Within the "Interpreted AVRO" box is a list of "transforms" each of which take the source data and produce an isolated output in a AVRO formatted file.
GBIF's pipelines already supports a number of core transforms for handling biodiversity occurrence data. The intention is to make us of these transforms "as-is" which effectively perform the very similar functionality to what is supported by the biocache-store project (ALA's current ingress library for occurrence data).
This list of transforms will need to be added to backfill some of the ingress requirements of the ALA. These transforms will make use of existing ALA services:
- ALA Taxonomy transform - will make use of the existing ala-name-matching library
- Sensitive data - will make use of existing services in https://lists.ala.org.au to retrieve sensitive species rules.
- Spatial layers - will make use of existing services in https://spatial.ala.org.au/ws/ to retrieve sampled environmental and contextual values for geospatial points
- Species lists - will make use of existing services in https://lists.ala.org.au to retrieve species lists.
In addition pipelines for following will need to be developed:
- Duplicate detection
- Environmental outlier detection
- Expert distribution outliers
Prototyped so far:
- Pipeline extension to add the ALA taxonomy to the interpreted data
- Extension with Sampling information (Environmental & Contextual)
- Generation of search SOLR index compatible with biocache-service
To be done:
- Sensible use of GBIF's key/value store framework (backend storage to be identified)
- Dealing with sensitive data
- Integration with Collectory - ALA's current production metadata registry
- Integration with Lists tool
- Extensions with separate taxonomies e.g.

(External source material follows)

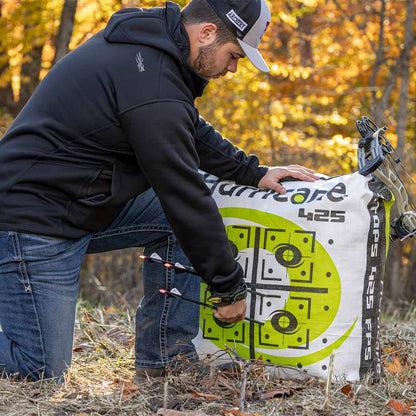 Archery target being set up outdoors during fall foliage.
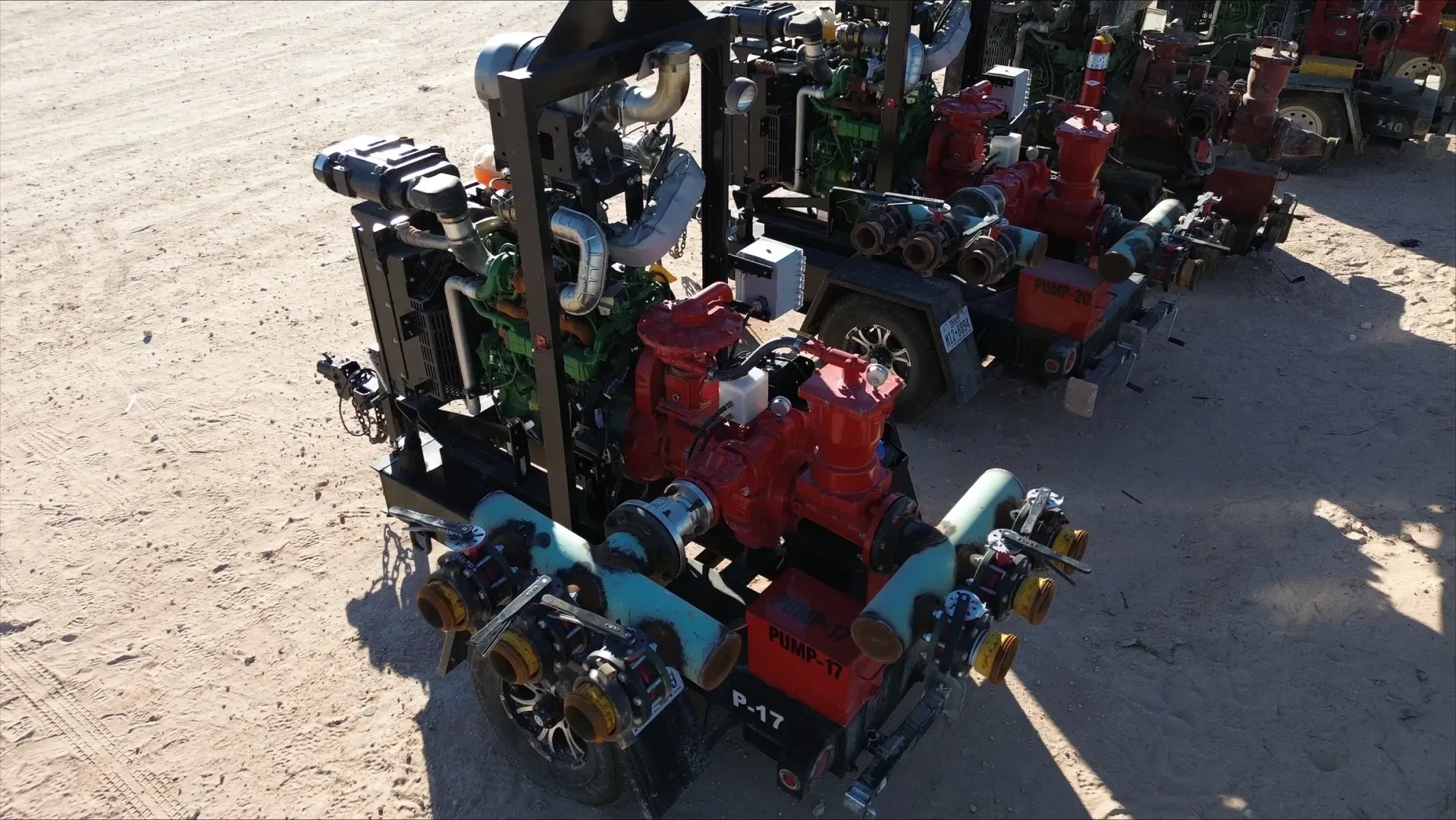 A bunch of machinery sitting on top of a dirt field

NZOR
- Handling of images with ALA's image-service as storage
Dependent projects
The pipelines work will necessitate some minor additional API additions and change to the following components:
biocache-service
experimental/pipelines branch The aim for this proof of concept is to make very minimal changes to biocache-service, maintain the existing API and have no impact on existing services and applications.
ala-namematching-service
A simple drop wizard wrapper around the ala-name-matching library has been prototyped to support integration with pipelines.
Getting started
In the absence of ansible scripts, here are some instructions for setting up a local development environment for pipelines. These steps will load a dataset in SOLR.
Requirements of softwares:
- Java 8 - this is mandatory (see GBIF pipelines documentation)

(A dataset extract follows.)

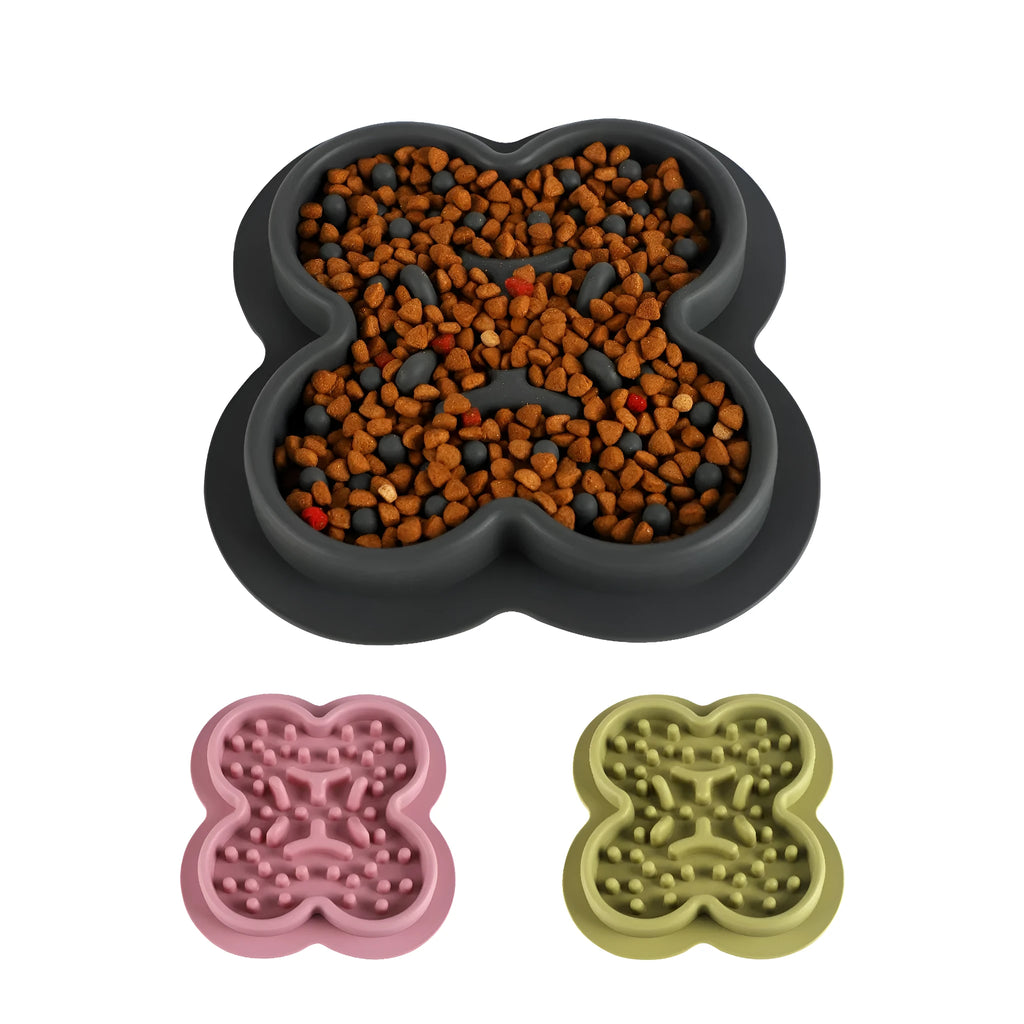 Silicone pet licking mat with textured surface and non-slip base in assorted colours.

- Maven needs work on OpenSDK 1.8 'nano ~/.mavenrc' add 'export JAVA_HOME= [JDK1.8 PATH]'
- Docker Desktop
- lombok plugin for intelliJ needs to be installed for slf4 annotation
Prerequisite services
- Run ala-namematching-service on port 9179 using the dock-compose file like so:
docker-compose -f ala-nameservice.yml up -d
You can test it by checking this url: http://localhost:9179/api/search?q=Acacia - Run solr on port 8983 using the dock-compose file like so:
docker-compose -f solr8.yml up -d
and then setup the collection using the following script:./update-solr-config.sh
You can test it by checking this url: http://localhost:8983
Run la-pipeline
- Download shape files from here and expand into
/data/pipelines-shp
directory - Download a darwin core archive (e.g. https://archives.ala.org.au/archives/gbif/dr893/dr893.zip) and expand it into
/data/biocache-load
e.g./data/biocache-load/dr893
- Create the following directory
/data/pipelines-data
- Build with maven
mvn clean install
- To convert DwCA to AVRO, run
./dwca-avro.sh dr893
- To interpret, run
./interpret-spark-embedded.sh dr893
- To mint UUIDs, run
./uuid-spark-embedded.sh dr893
- To sample run
./export-latlng.sh dr893
./sample.sh dr893
./sample-avro-embedded.sh dr893
- To index, run
./index.sh dr893
Integration Tests
Integration testing is supported using docker containers. The tests will To start the required containers, run the following:
docker-compose -f ala-nameservice.yml up -d
docker-compose -f solr8.yml up -d
To shutdown, run the following:
docker-compose -f ala-nameservice.yml kill
docker-compose -f solr8.yml kill
Code style and tools
For code style and tool see the recommendations on the GBIF pipelines project. In particular, note the project uses Project Lombok, please install Lombok plugin for Intellij IDEA.
avro-tools
is recommended to aid to development for quick views of AVRO outputs. This can be install on Macs with brew
brew install avro-tools